The Buddha of Suburbia

Style

Due to the orality in The Buddha, the historical events, and the many dialogues full of colloquialism, the reader gets the impression of realism. The novel is highly episodic; Kureishi uses juxtaposition and collage. The suburbs are "a leaving place" from which Kureishi's characters must move away. To Karim, London—even though it is geographically not far away from his home—seems like a completely different world. Therefore, his expectations of the city are great.

In The Buddha the move into (and later through) the city is like an odyssey or pilgrimage. On the first page Karim introduces himself as follows: "My name is Karim Amir, and I am an Englishman born and bred, almost". This motif is reinforced throughout the novel.

Pop music is an important theme in Kureishi's novels. One could even say that his novels have a soundtrack. London itself is associated by Karim to a sound. "There was a sound that London had. It was, I'm afraid, people in Hyde Park playing bongos with their hands; there was also the keyboard on The Doors' "Light My Fire". There were kids in velvet cloaks who lived free lives". Within the problems of prejudice and racism lies one of the themes of initiation novels: the question of identity.
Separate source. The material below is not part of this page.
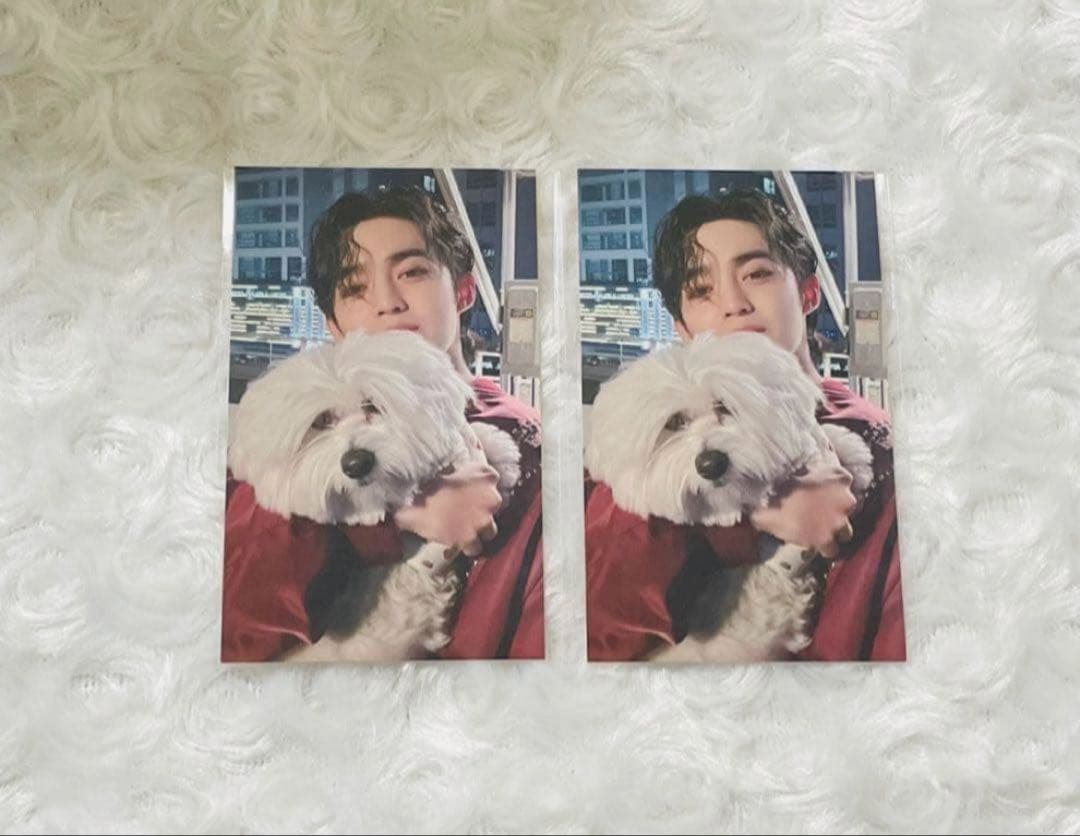 【公式】SEVENTEEN エスクプス クマ 東京ドーム トレカ まとめ売り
Furthermore, London seems to be the perfect setting for the protagonists' "often painful growth towards maturity through a range of conflicts and dilemmas, social, sexual and political." (Bart Moore-Gilbert, 2001, 113) These characterisations mark Kureishi's novels as examples of Bildungsromane and novels of initiation.

Even though The Buddha is set in the 1970s and ends just before the Thatcher era begins, Kureishi was writing it under the direct influence of the outcome of Thatcherism. It is not surprising then, looking back, that he can see the roots of Thatcherite conservatism already in the '70s.